┌──

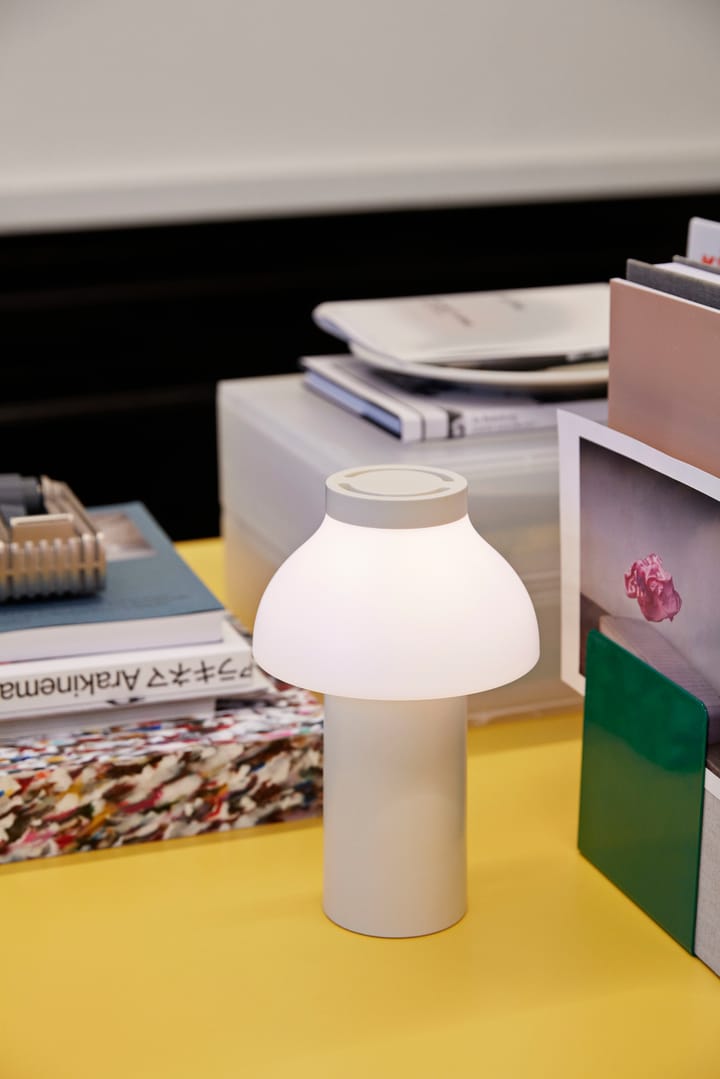 Lampa stołowa PC Portable, Cream white HAY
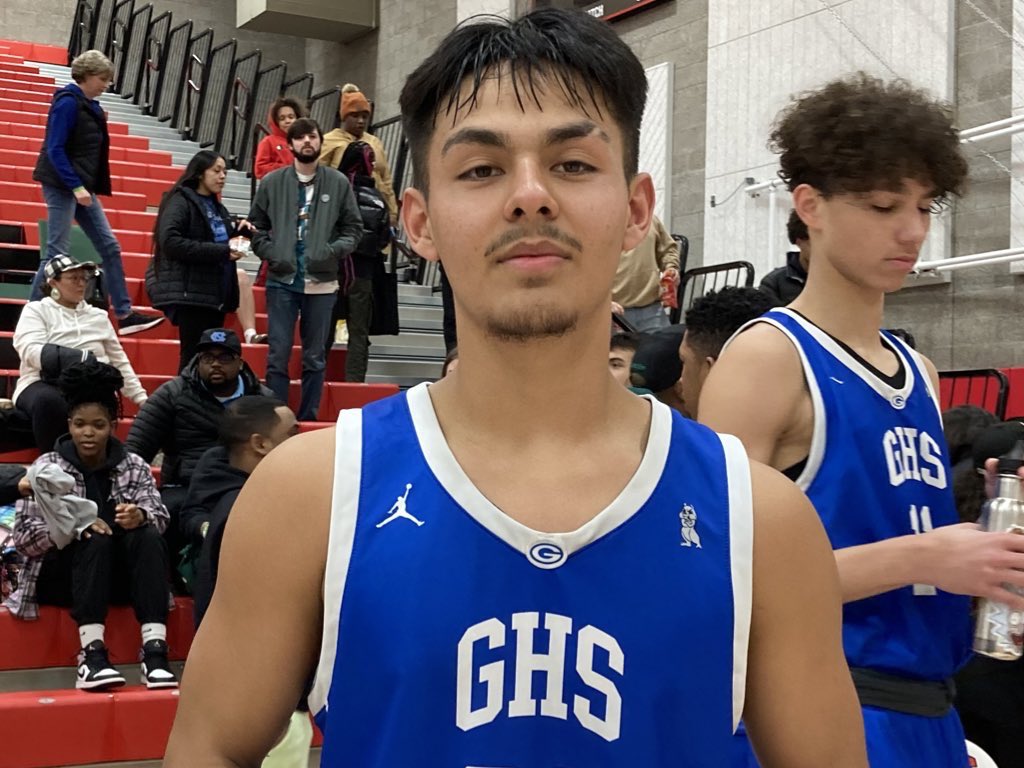 PrepHoopsOR's tweet photo. Leading the @GophersGresham in scoring was the recently @OITMBB offered @ScottyR05. The senior got his points both getting to the hoop and knocking down threes and he did a nice job defensively as well. https://t.co/AxFOlxptus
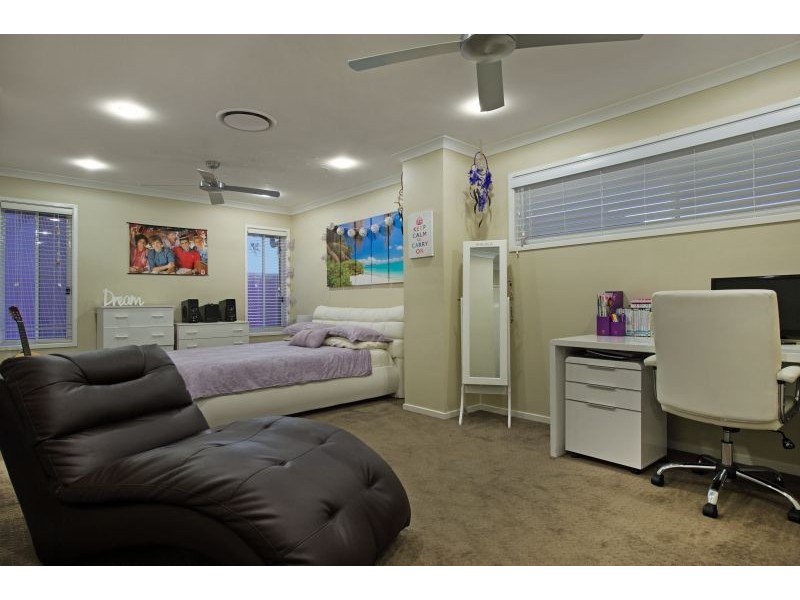 14 Nicklaus Parade, North Lakes QLD 4509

└──

## REQUIRED WORK
Output each line of the listing above, word for word, from the one holding "PrepHoopsOR's tweet photo." through the last line, both included; omit the pictures.

## WRITTEN SOLUTION
 PrepHoopsOR's tweet photo. Leading the @GophersGresham in scoring was the recently @OITMBB offered @ScottyR05. The senior got his points both getting to the hoop and knocking down threes and he did a nice job defensively as well. https://t.co/AxFOlxptus
 14 Nicklaus Parade, North Lakes QLD 4509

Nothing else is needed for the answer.